Material shown Start Marker
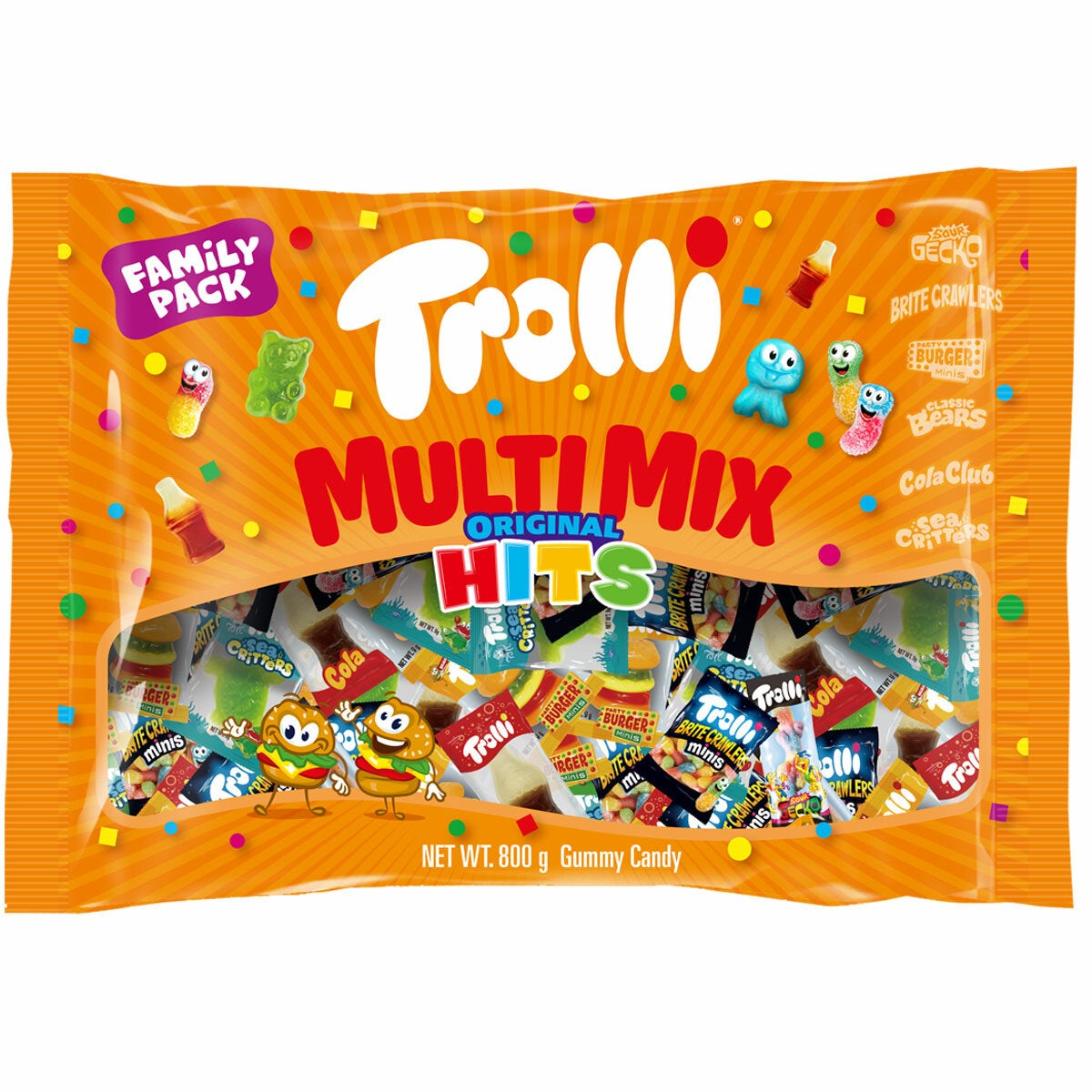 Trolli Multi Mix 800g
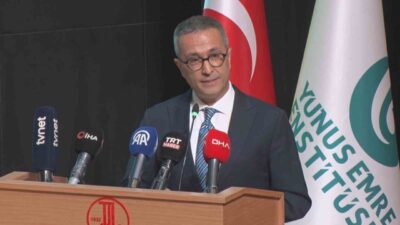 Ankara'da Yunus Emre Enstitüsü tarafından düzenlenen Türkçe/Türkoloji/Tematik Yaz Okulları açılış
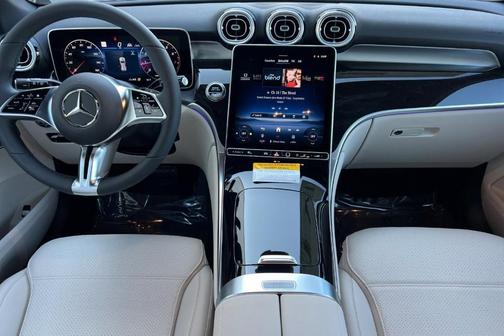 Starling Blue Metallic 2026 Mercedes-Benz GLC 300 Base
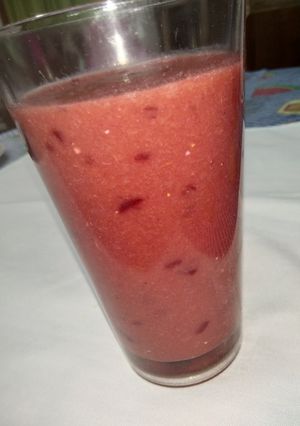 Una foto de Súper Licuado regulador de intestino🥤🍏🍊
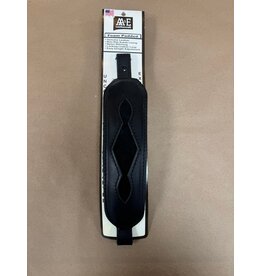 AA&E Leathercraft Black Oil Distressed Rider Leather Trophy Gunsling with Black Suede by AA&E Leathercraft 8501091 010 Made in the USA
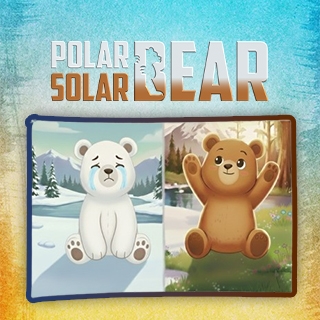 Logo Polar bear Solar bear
Material shown End Marker
* [Work item]: Repeat the data above exactly, but not the pictures.

* [Answer to this problem]:
 Trolli Multi Mix 800g
 Ankara'da Yunus Emre Enstitüsü tarafından düzenlenen Türkçe/Türkoloji/Tematik Yaz Okulları açılış
 Starling Blue Metallic 2026 Mercedes-Benz GLC 300 Base
 Una foto de Súper Licuado regulador de intestino🥤🍏🍊
 AA&E Leathercraft Black Oil Distressed Rider Leather Trophy Gunsling with Black Suede by AA&E Leathercraft 8501091 010 Made in the USA
 Logo Polar bear Solar bear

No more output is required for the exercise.